Hello!  Sure thing, I'll show it based on my CoC#3.5 (pretty easy one according to RGC measurement and algorithm - around 171lbs). As you can see, in the "insertion point" of the spring the diameter is 7,41mm, while within "the spring itself" it drops to 7,33mm. This seems to be the case with all of my grippers, some varying just a bit and some more (like my #3.5). I suppose it has something to do with the spring's production process. The calculation seems to be the most accurate when using the measurements within the spring (so, in my case, where the wire's diameter is 7,33mm), this is also backed up by the equations used for the calculations (they assume an idea spring with the same diameter everywhere). I hope the images help a little more

[pancho_grip_lift]

1 hour ago, Alexander Koss said:

Hello!  Sure thing, I'll show it based on my CoC#3.5 (pretty easy one according to RGC measurement and algorithm - around 171lbs).
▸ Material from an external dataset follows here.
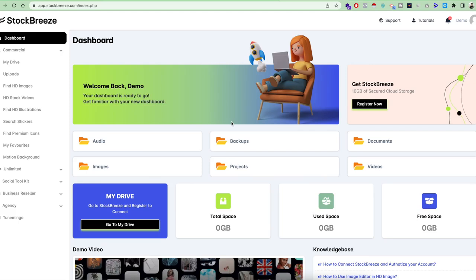Hello everyone, welcome to the StocksBreeze official demo. In this video I'm going to show you how you can make the maximum output of the StocksBreeze stock assets platform. StocksBreeze is a searchable and indexable platform where you are going to get 15 million resources — stock assets and royalty-free stocks in the form of images, videos, illustrations, stickers, and more.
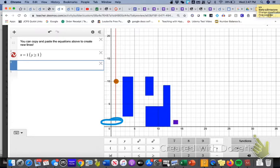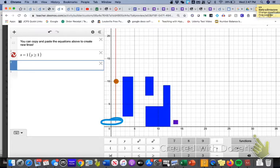If you haven't already tried that yourself on the blank graph underneath this video, please try that now. Make sure you're able to duplicate the steps I just did. If not, you can rewind this part or reach out for help, but I'm going to go ahead and move on to the second part.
As you can see, in the "insertion point" of the spring the diameter is 7,41mm, while within "the spring itself" it drops to 7,33mm. This seems to be the case with all of my grippers, some varying just a bit and some more (like my #3.5). I suppose it has something to do with the spring's production process. The calculation seems to be the most accurate when using the measurements within the spring (so, in my case, where the wire's diameter is 7,33mm), this is also backed up by the equations used for the calculations (they assume an idea spring with the same diameter everywhere). I hope the images help a little more

You made it clear! I'll try it in my grippers

[Alex K]

Just now, pancho_grip_lift said:

You made it clear! I'll try it in my grippers

Curious to find out if the measurements end up being close like mine or not  
Enjoy!